▸ **EXERCISE BRIEF**:
Print out each entry without alteration, and keep the pictures out.

Start of PROVIDED ENTRIES

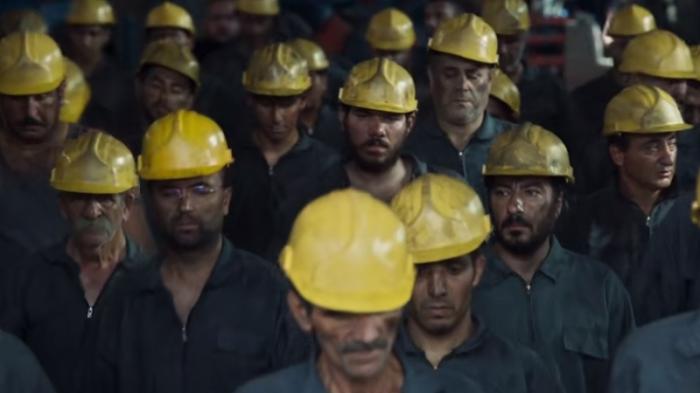 伊朗电影聚焦底层家庭，穷人翻身困境、亲情纠葛与希望交织 .金币灰黄-[原创首发]-吾爱文案网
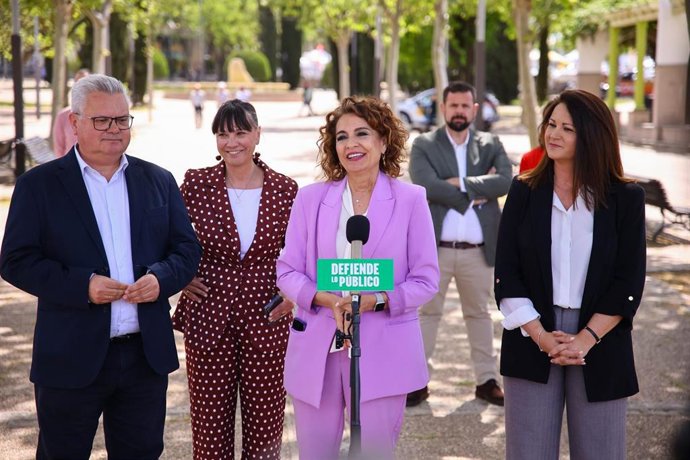 Montero interviene, acompañada de los tres primeros candidatos del PSOE por Córdoba para el 17M, Silvia Mellado (dcha.), Esteban Morales (izda.) y Victoria Fernández (detrás).
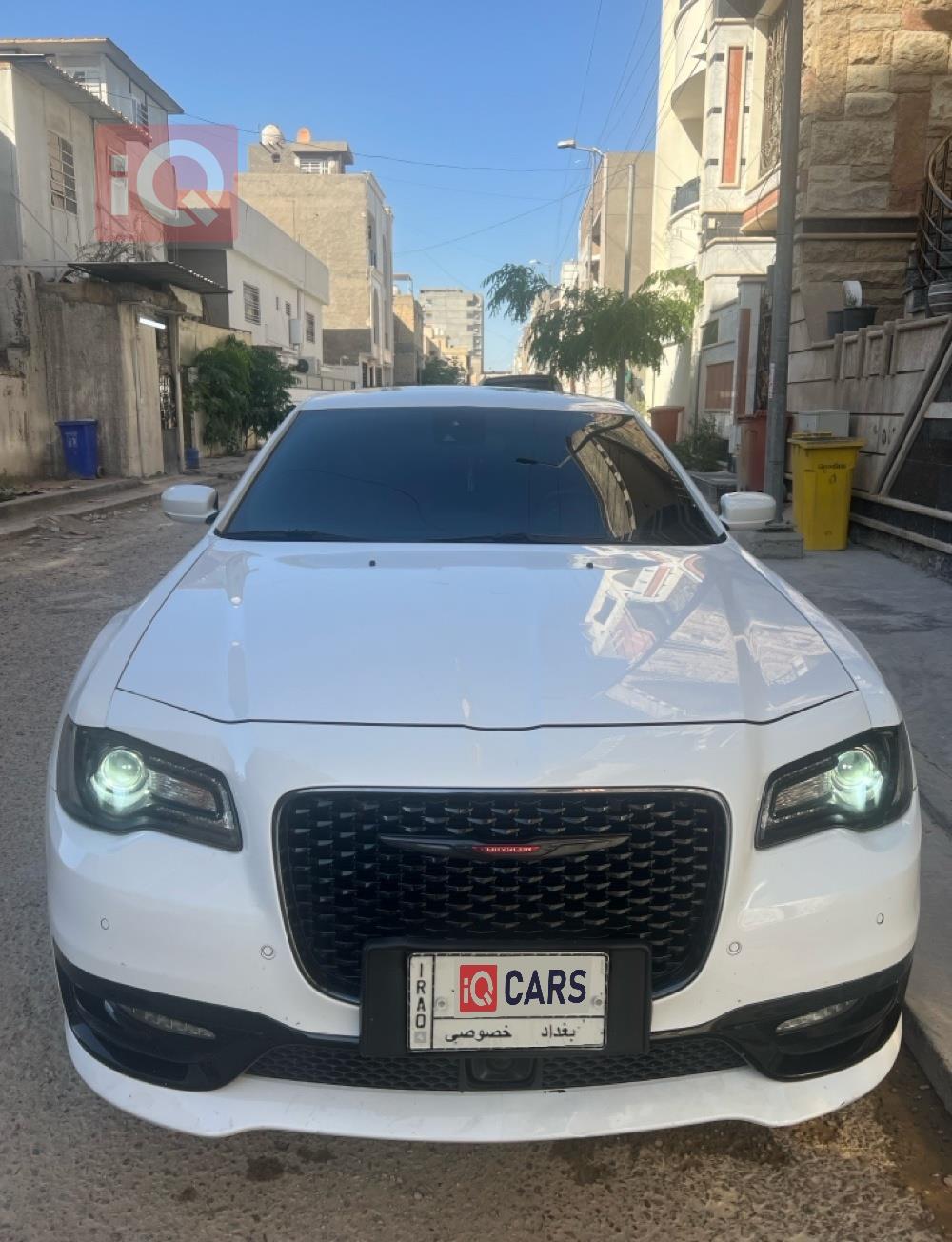 كرايسلر 300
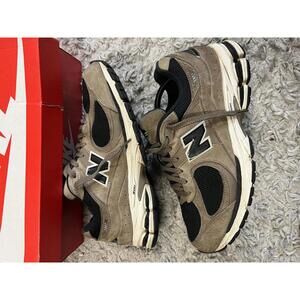 New Balance 2002R Brown Black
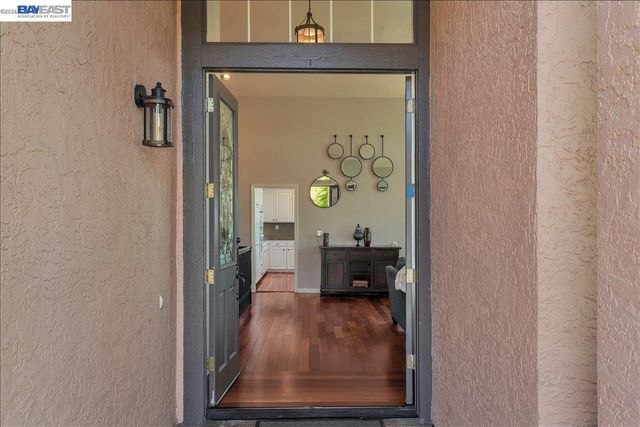 2433 Fox Ridge Dr, Castro Valley, CA 94546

End of PROVIDED ENTRIES

▸ **TASK RESPONSE**:
 伊朗电影聚焦底层家庭，穷人翻身困境、亲情纠葛与希望交织 .金币灰黄-[原创首发]-吾爱文案网
 Montero interviene, acompañada de los tres primeros candidatos del PSOE por Córdoba para el 17M, Silvia Mellado (dcha.), Esteban Morales (izda.) y Victoria Fernández (detrás).
 كرايسلر 300
 New Balance 2002R Brown Black
 2433 Fox Ridge Dr, Castro Valley, CA 94546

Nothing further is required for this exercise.